> EXERCISE DATA
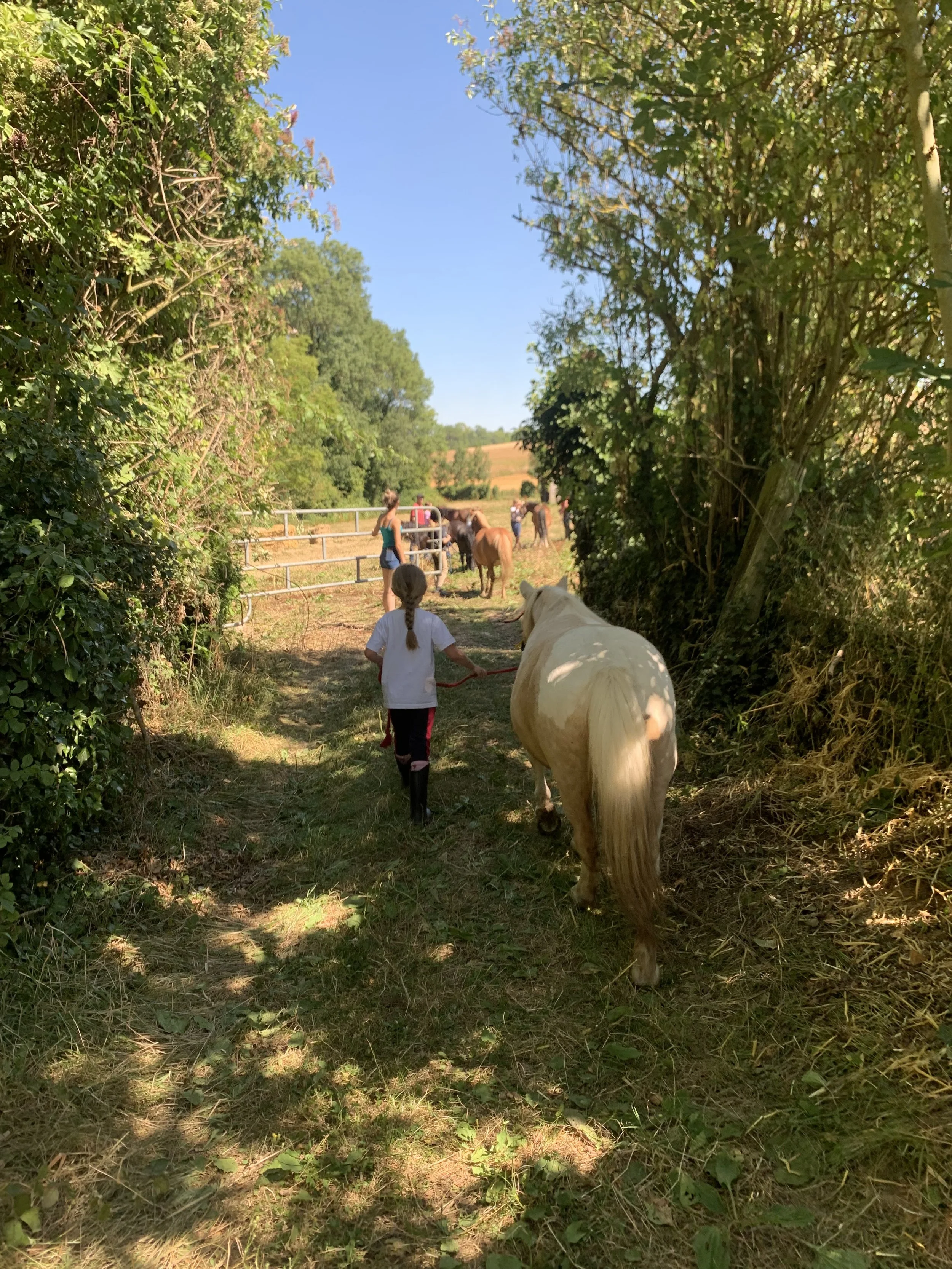 People walking with horses through a narrow, tree-lined dirt path on a sunny day.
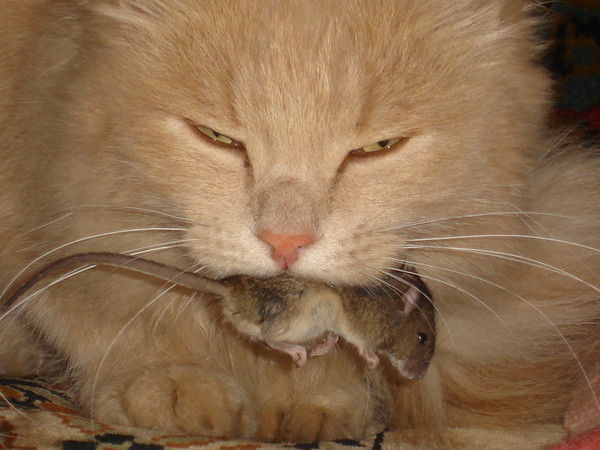 Наташа Вагенлейтнер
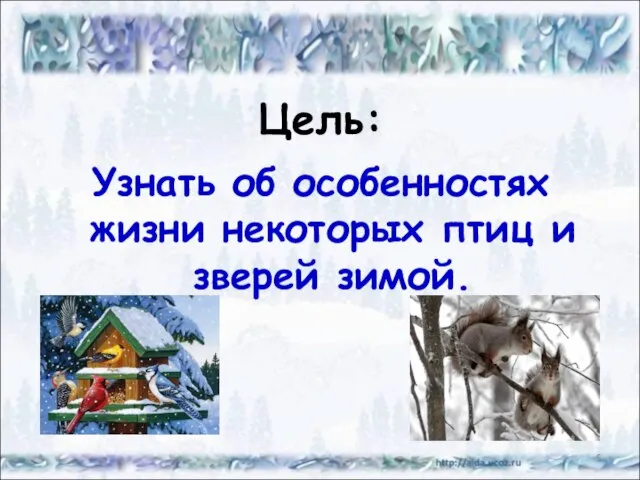 Цель: Узнать об особенностях жизни некоторых птиц и зверей зимой. *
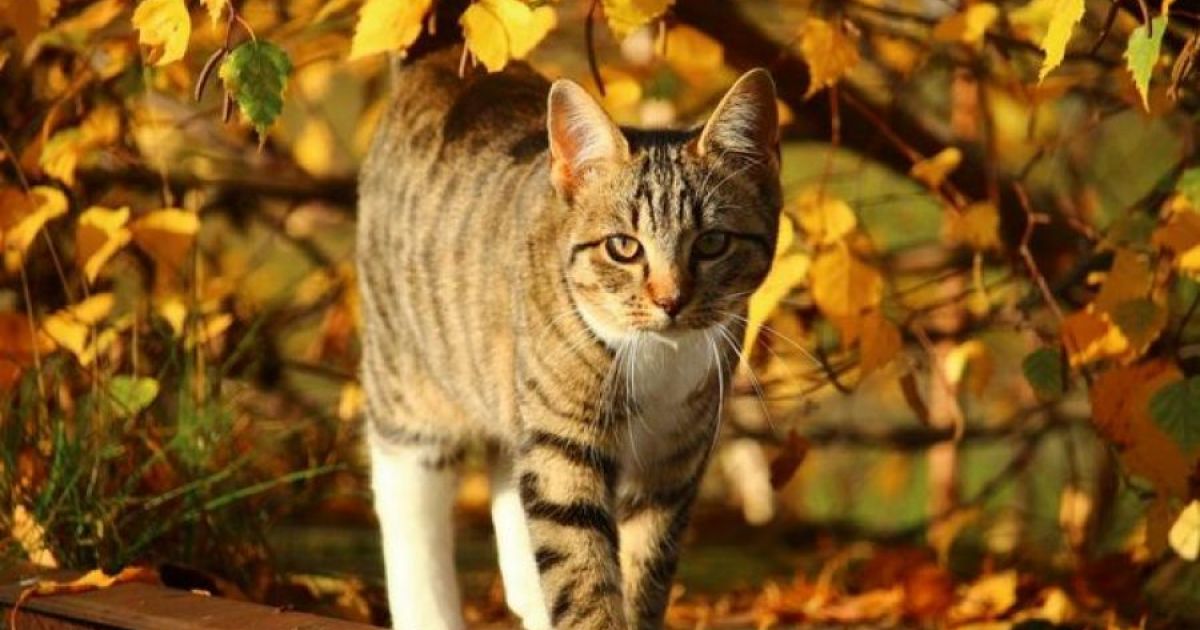 Осень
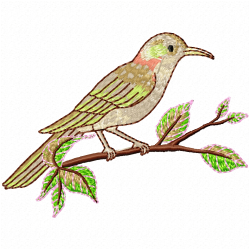 Hummingbirds Embroidery Design 1 Hummingbirds Embroidery Design 1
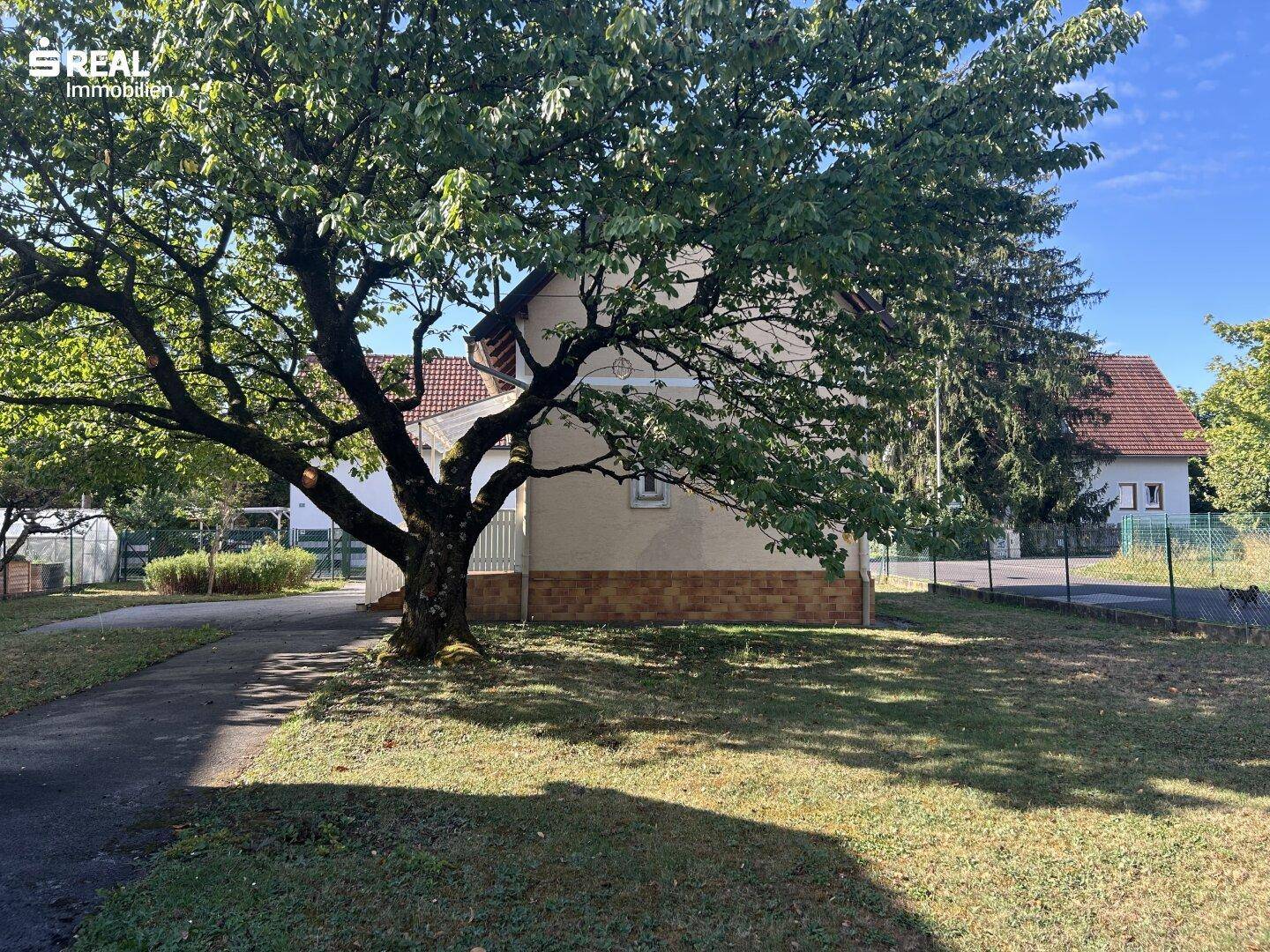 Seitenansicht des Grundstücks mit einem großen Baum und einer Zufahrt.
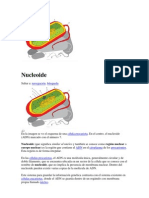 Nucleoid e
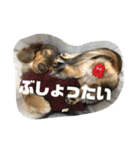 いなかっぺワンコ(遠州弁)（個別スタンプ：23）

> EXERCISE DIRECTIONS
Begin at the line containing "Наташа Вагенлейтнер" and copy every line through the end of the data above exactly, omitting the pictures.

> WRITTEN RESPONSE
 Наташа Вагенлейтнер
 Цель: Узнать об особенностях жизни некоторых птиц и зверей зимой. *
 Осень
 Hummingbirds Embroidery Design 1 Hummingbirds Embroidery Design 1
 Seitenansicht des Grundstücks mit einem großen Baum und einer Zufahrt.
 Nucleoid e
 いなかっぺワンコ(遠州弁)（個別スタンプ：23）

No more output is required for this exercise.